An Estate Planning Attorney Exposes the Worst States to Die In

One of the best pieces of news in recent years is the federal tax exemption of $5.34 million per person and indexed to inflation made permanent. This means, for 2014, as much as $5.34 million of a person’s estate will be exempt from estate federal tax.   A flat 40% tax rate will be applied to any excess over $5.34 million.  This exemption is high enough to affect millions of people.


Thirty-one states in the Union do not levy any form of estate or inheritance taxes.  So, if you die in one of those 31 states, your estate does not owe the state or the federal government taxes – as
long as the value of your estate falls below the personal federal estate tax exemption.  On the other hand, 19 states and the District of Columbia levy some form of estate or inheritance taxes.  If you want to limit your estate taxes to a minimum, the state you declare as your residence becomes critical.

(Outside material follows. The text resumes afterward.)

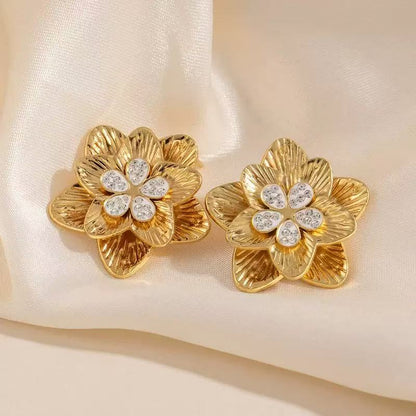 Round Stud Earrings For Women In 304 Stainless Steel With 18K Real Gold Plating And Zircon Inlay, Perfect For New Year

As an estate planning attorney from Orange County, I counsel my clients, especially those who are in their retirement years to pay particular attention to their state of residence. California does not have a death tax.  So if you are a long-time resident of the Golden State, you may as well consider retiring there.  If you want to retire elsewhere, you may consider Texas or Florida. (Almost all of the Western, Midwestern and Southern states do not impose any form of death taxes.)

The following states have a state estate tax:   Hawaii, Washington, Oregon, Minnesota, Illinois, New York, Connecticut, Rhode Island, Massachusetts, Vermont, Maine, Delaware and the District of Columbia.  While Nebraska, Kentucky, Tennessee and Pennsylvania only have an inheritance tax. Maryland and New Jersey levy both an estate and inheritance tax.

The personal exemption in states with estate taxes is generally higher than that for federal estate tax.  New York, for one, pegs the threshold at $1 million. So the estate of an individual dying this year in New York with $5.34 million would owe no federal tax, but would owe the state government of New York $431,600.
                                     
New Jersey limits the persona; estate tax exemption at $675,000.  Above that limit, the estate will have to pay a tax which ranges from 4.2% to 16%.  On top of that, siblings, nephews, nieces and friends will be levied an inheritance tax ranging from 11 to 16%.     

The examples in the paragraph above should give you reason to pause.  If you reside in a state that does not impose estate or inheritance tax and your personal estate is below $5.34 million, then your heirs will recieve their inheritance without having to pay a single cent to the state or federal government.  As an estate planning attorney from Orange County, I advise you to consider your state of residence or “domicile state” in your estate planning. The difference is not just geographic; it could mean hundreds of thousands of dollars in death taxes that your heirs will have to shoulder.